Double click the ML Engine icon on the desktop to open ML Engine.
Make sure that you have created and saved a dataset before you begin creating models.
There are two main tabs under ML Engine - Classification and Regression. Based on the data and the problem, a user can create classification or regression models using many algorithms. To create a classification model, click on the Classification menu. To create a regression model click on the Regression menu.
Classification is a supervised learning approach in which an algorithm learns from input data that has been classified and uses this learning to classify new data.
Regression is an approach that allows predicting a continuous outcome variable (y) based on the value of one or many predictor variables (x).
Regardless of classification or regression, the process of creating a model is the same. It follows the Create Model > Cross Validation Details submenu.
Creating a model starts by creating a base model after which other models using various algorithms can be created. To start, select the Classification or Regression tab and then Click the +Add Base Model.
- Select the raw Data File
- Select dataset for modelling
- Provide a name for the Base Model
- Click Select Dataset
- Select an algorithm
- Tune parameter for the selected algorithm. The default parameters are set. Change if needed
- Click Select Classifier/Regressor
- Click Create New Model Version to create a new model using the selected algorithm and the parameters.
You can also click the AutoPilot button to automatically use algorithms to create and validate ML models. Create as many versions by changing the parameters for a particular algorithm or selecting other algorithms.
A list of all versions of the base model sorted in descending order based on performance is presented on the Leader board. For each model, the following information is shown.

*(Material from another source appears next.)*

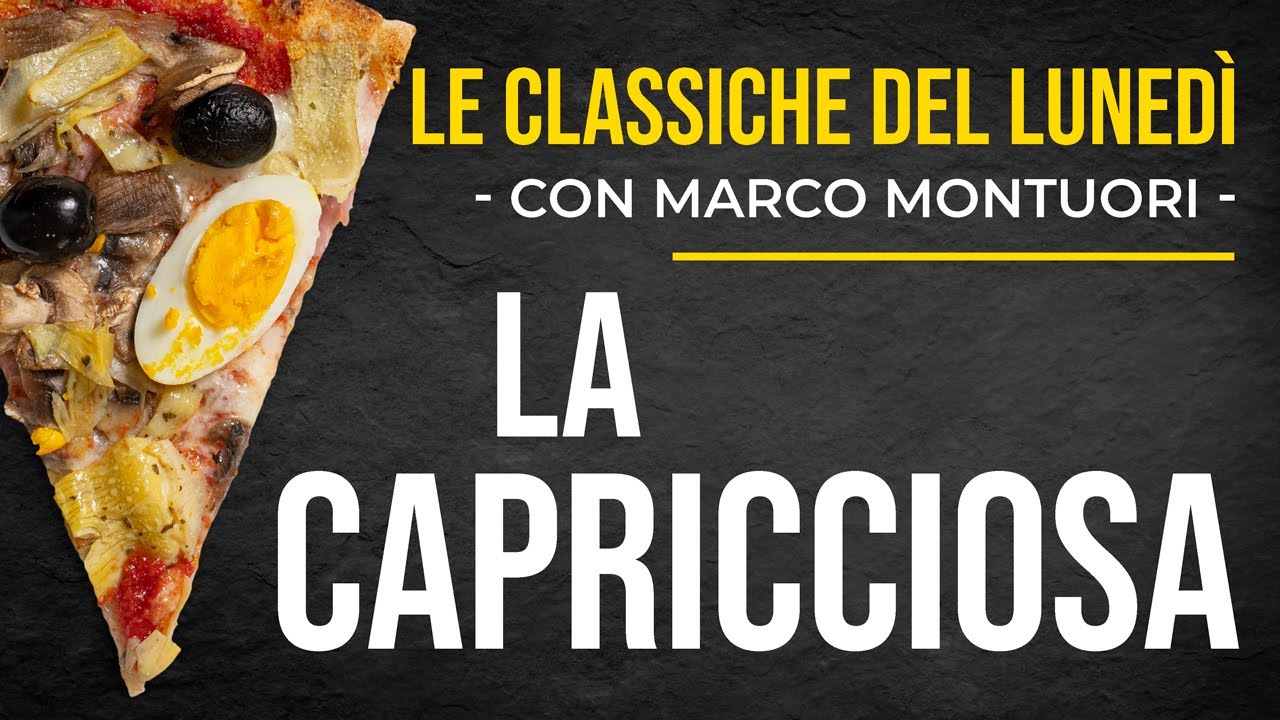 Come fare la Pizza CAPRICCIOSA su Tonda Romana - Le Classiche del Lunedì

Version -Tag - auto-generated version number and tag for the model. It is shown as V.”number” - “Tag name” e.g V.1 - v.acd (as shown in Figure 24 #4) means Version 1 of base model myIrismodel tagged as v.acd.

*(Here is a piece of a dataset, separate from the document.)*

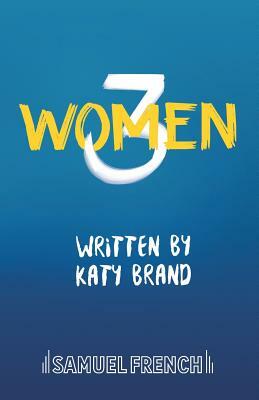 3Women by Katy Brand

To rename just select the model and type a Tag name in the text box and click Rename Tag.
Dataset - is the “raw data”-”dataset” used in creating the model
Algorithm - the algorithm used to create the model
Rank - rank of the model in base on performance compared to all other versions of the selected base model
Accuracy (classification) - model performance in percentage
Error (regression) - how well the model predicts the response variable. The error value shown is the mean absolute error explained in step 5 (model performance -> Regression).

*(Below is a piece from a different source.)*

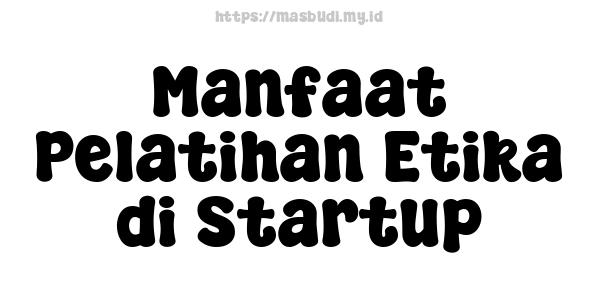 Manfaat Pelatihan Etika di Startup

Doc - automated generated documentation for the model (see model manager for more information)
Publish - click to publish a model to a reviewer (see publish model for details)
Delete - delete model
Evaluate Model Performance
Classification Performance Metrics
Model performance is shown in the form of a pie chart in which green represents the accuracy of the model and red represents the error.
Accuracy - total number of correct predictions by total number of predictions (shown in %). It is simply the fraction of predictions the model got right. Accuracy could be misleading so include the other parameters below to evaluate the performance of a model.
Error - 100 - accuracy ( shown in %)
F1_score - weighted average of precision and recall (multiplied by 100). Usually more useful than accuracy if you have an uneven class distribution. Read about Precision, Recall and F1_score here.
Hamming_loss - the fraction of labels that are incorrectly predicted to the total number of labels.
Additional Performance metrics are available in the auto-generated documentation. This includes Precision, Recall and Jaccard Similarity score (see Model Documentation).
Regression Performance Metrics
Model performance is shown in a bar chart showing four main performance metrics listed and explained below
Root Mean Square Error (RMSE) - the standard deviation of the residuals(prediction error). Residuals are a measure of how far data points are from the regression line. In other words, RMSE is a measure of how to spread out these residuals are or how concentrated the data is around the line of best fit.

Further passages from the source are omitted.